Discussion points

Bluefly was written to explore some ideas on flyscanning in bluesky. This page lists the discussion points that were discovered in its development.

Event loop passing

Early on we create the RE, but don’t do anything with it. We then try to create some asyncio primitives (Event, Queue) in the ipython main thread. This fails with:

Got Future <Future pending> attached to a different loop

I think this is because bluesky creates an event loop but doesn’t set it. We can fix it by doing:

RE = RunEngine({})
asyncio.set_event_loop(get_bluesky_event_loop())

But I don’t know if this has any other side-effects.

Some bluesky API methods could accept Status objects

Some methods are allowed to block the run-engine, like stage, pause, etc. It would be good to return a Status object from these so that they could take time without blocking the run-engine.
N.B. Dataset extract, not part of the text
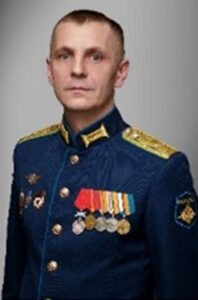 Майор Сергей МЕЩЕРЯКОВ.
The methods in question:

  • stage
  • pause
  • resume
  • unstage
  • stop

Different use of flyer API

bluefly hooks the following methods to the flyer API:

  • stage: Flag detectors to start a new file (return immediately)
  • kickoff: Open detector files (on first run after stage)
  • first collect: Yield resource
  • complete: Move motors to start, arm detectors, start motion and triggers
  • subsequent collects: Yield datums gathered so far
  • unstage: Close detector files

The reason that kickoff doesn’t actually start the motion is that it is easier to write a single logic function that does both, and there is no reason to split the two when a single flyer is in use.

To support subsequent collects, we need to periodically run collect while completing. I can’t find a way to do that with the current plan stubs. What I would like to do:

yield from bps.complete(flyer, group="flyer")
while True:
    try:
        # Wait for up to a second for the flyer to complete
        yield from bps.wait(group="flyer", timeout=1)
    except TimeoutError:
        # It hasn't completed yet
        yield from bps.collect(flyer, stream=True)
    else:
        # Flyer is done
        break
# One last collect to make sure we got everything
yield from bps.collect(flyer, stream=True)
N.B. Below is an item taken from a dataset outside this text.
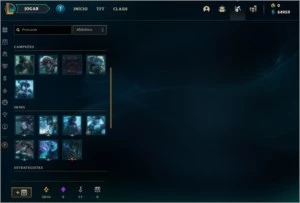 CONTA LOL LEVEL 318 - Faltam apenas 11 champ para ter todos - League of Legends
We need to bps.checkpoint() after every collect() so that resume can continue where we left off. Is this expected?

Also, what should a paused complete do? At the moment I don’t call the status callback so that we can resume, then I replace the task of the Status object and let it call its callbacks when it completes. Is this correct? Or should the plan call complete again?
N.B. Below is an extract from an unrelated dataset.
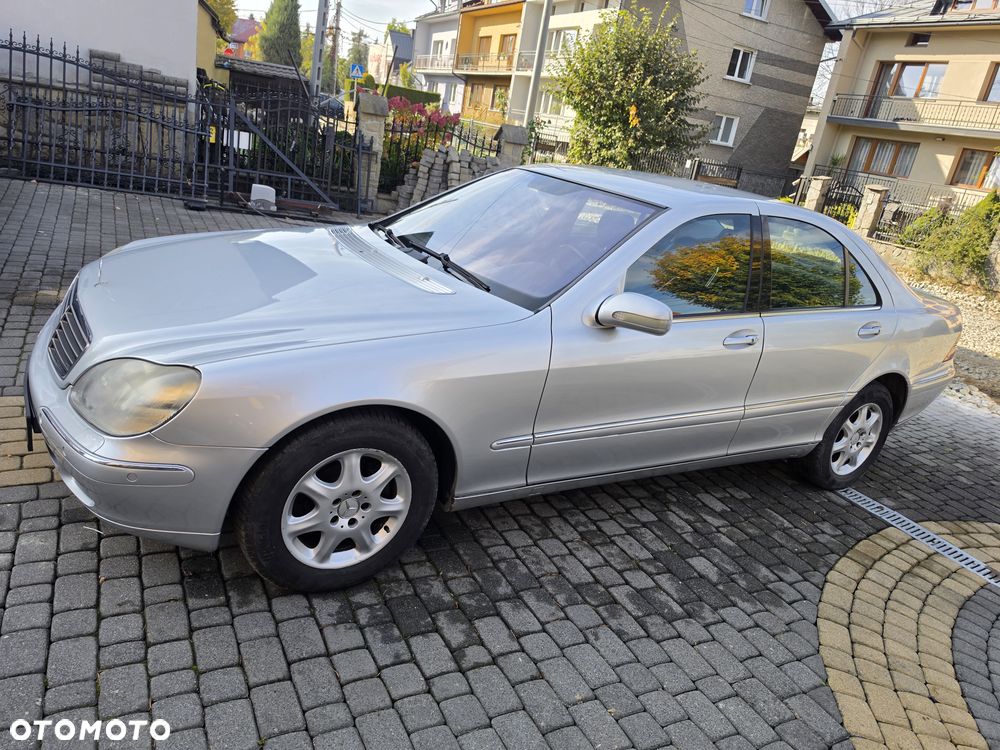 Mercedes-Benz Klasa S 320 CDI - 16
There is also a question about what to do with rewind. Do we eagerly produce all data up to bluesky, or is it better to lag behind in case a beam dump happens and we need to rewind?

Data collection

At the moment bluefly detectors cache summary data out of the HDF files when DetectorLogic provides updates. This could probably more sensibly be deferred until collect or read. Reading data from the HDF file may slow down step scans a bit, but most scanning at DLS is moving towards fly scanning, so implementing step and fly scans in the same way makes most sense for us.

The emitting of Events rather than EventPages will not work for large datasets (we are moving towards 100kHz or even 1MHz aquisitions of point detectors), so this needs exploring further.

Documentation on collect_asset_docs was hard to find, it was mainly gleaned from example code.

We have some detectors (like PandA) that write lots of datasets in a single HDF file. We also need some additional kwargs (like tagging datasets as detector/monitor) to allow NeXus files to be emitted. I assume the best way to do this is to write a new Handler

ScanPointGenerator

Rather than specify flyscans as CompoundGenerators and outer scans as cyclers it would be good to merge the two. This requires some more thought, but the basic idea is to specify a scan as a serializable object, from which the following can be got:

  • Number of points
  • Names of the axes
  • Range of the axes
  • Dataset dimensionality (so a VDS can be created)
  • API to get a Point or Points object (wrapping one or many scan points)
  • Centre-point of each axis in Point (or array in Points)
  • Upper and lower bounds of each axis in Point (or array in Points)
  • Duration of Point (or array in Points)
  • Time delay after Point (or array in Points)

Signal API

The biggest change here from Ophyd is the definition of Signals. By making get(), put() and observe() async, all code that uses them must be async. Are there plans to go asyncio for Ophyd?

The other issue raised is the dynamic building of Signals at init. This needs more discussion, as the definition of these HasSignals classes is key to how the mypy checking works. Separating these out from the Logic is also key (e.g. MotorDevice has a MotorRecord, rather than is a).

We also need to discuss monitor vs get. I favour making get() async, and not monitoring in the backgroud. This doesn’t rule out doing background monitoring at the Logic level, but I think it should be at stage rather than always on. This would avoid a lot of the workarounds we had to do in Malcolm, but would stop you having to get the motor EGUs at each scan point.